- Born: 1920s near Pipalyatjara, South Australia
- Other names: Wawiya Burton
- Occupation: Artist
- Years active: 2008–2021
- Style: Western Desert art

= Wawiriya Burton =

Australian Aboriginal artist (c.1928–2021)

Wawiriya Burton (c. 1928 – 2021) was an Australian Aboriginal artist. She is known for her acrylic paintings. Her paintings are representations of sacred stories from the Dreamtime. Like other Aboriginal artists, the representations are blurred (or encrypted) for cultural reasons. The full meaning of her artworks can only be understood or deciphered by people who have been initiated. Burton is a ngangkaṟi (traditional healer), so she has more knowledge about sacred traditions than most in her community.
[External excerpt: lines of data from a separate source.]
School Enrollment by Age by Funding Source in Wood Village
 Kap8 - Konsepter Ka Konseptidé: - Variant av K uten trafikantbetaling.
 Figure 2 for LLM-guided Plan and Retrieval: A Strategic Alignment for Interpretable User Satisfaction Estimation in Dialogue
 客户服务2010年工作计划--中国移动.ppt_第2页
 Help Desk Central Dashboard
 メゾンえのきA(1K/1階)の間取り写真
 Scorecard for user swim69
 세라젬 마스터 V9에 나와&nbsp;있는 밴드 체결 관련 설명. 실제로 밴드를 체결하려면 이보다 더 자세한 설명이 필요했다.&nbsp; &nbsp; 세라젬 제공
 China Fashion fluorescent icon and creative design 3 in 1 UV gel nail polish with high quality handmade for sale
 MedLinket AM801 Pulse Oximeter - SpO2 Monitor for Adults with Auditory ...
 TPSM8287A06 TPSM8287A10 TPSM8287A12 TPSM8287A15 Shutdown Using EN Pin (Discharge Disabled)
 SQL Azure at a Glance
Wawiriya belongs to the Pitjantjatjara. She was born in outback central Australia some time during the 1920s.. She grew up living a traditional, nomadic way of life. Her family lived in her father's homeland, around what is now Pipalyatjara.

Wawiriya lived in Amaṯa, where she began working at the Tjala Arts centre in 2008. Tjala (originally Minymaku Arts) had been set up by the women of the community in 1999. She made wood carvings and baskets from spinifex originally, but later learned to paint from the other women.

Wawiriya's artworks have been displayed in exhibitions in Sydney, Canberra, Melbourne, Adelaide, Perth and Alice Springs. Her work is held in the National Gallery of Victoria, the Art Gallery of New South Wales, and the Art Gallery of South Australia.